| Available data |
__________________________________________________

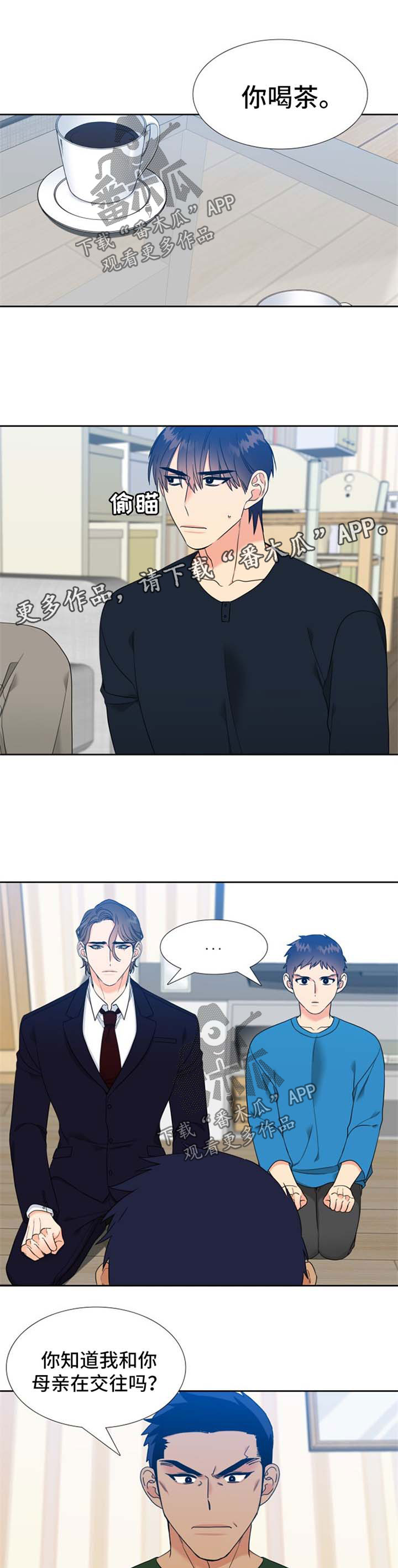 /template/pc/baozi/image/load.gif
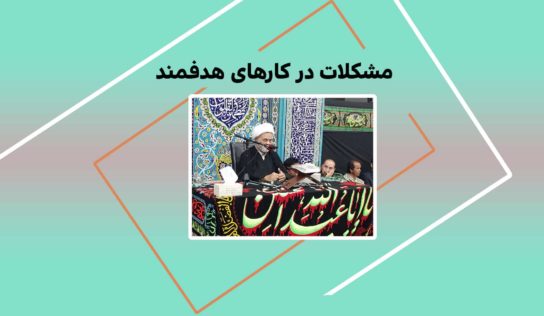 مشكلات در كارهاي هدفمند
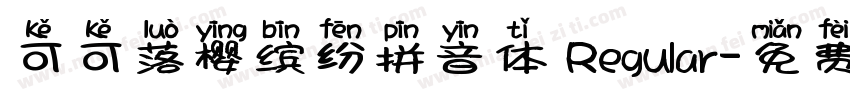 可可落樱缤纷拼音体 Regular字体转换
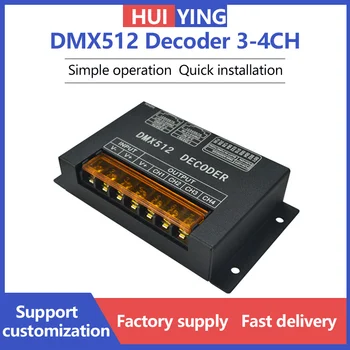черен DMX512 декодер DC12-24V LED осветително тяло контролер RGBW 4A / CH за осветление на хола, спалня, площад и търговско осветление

__________________________________________________

| Task to complete |
An exact reproduction of the material above is needed, without its pictures.

| Exercise answer |
 /template/pc/baozi/image/load.gif
 مشكلات در كارهاي هدفمند
 可可落樱缤纷拼音体 Regular字体转换
черен DMX512 декодер DC12-24V LED осветително тяло контролер RGBW 4A / CH за осветление на хола, спалня, площад и търговско осветление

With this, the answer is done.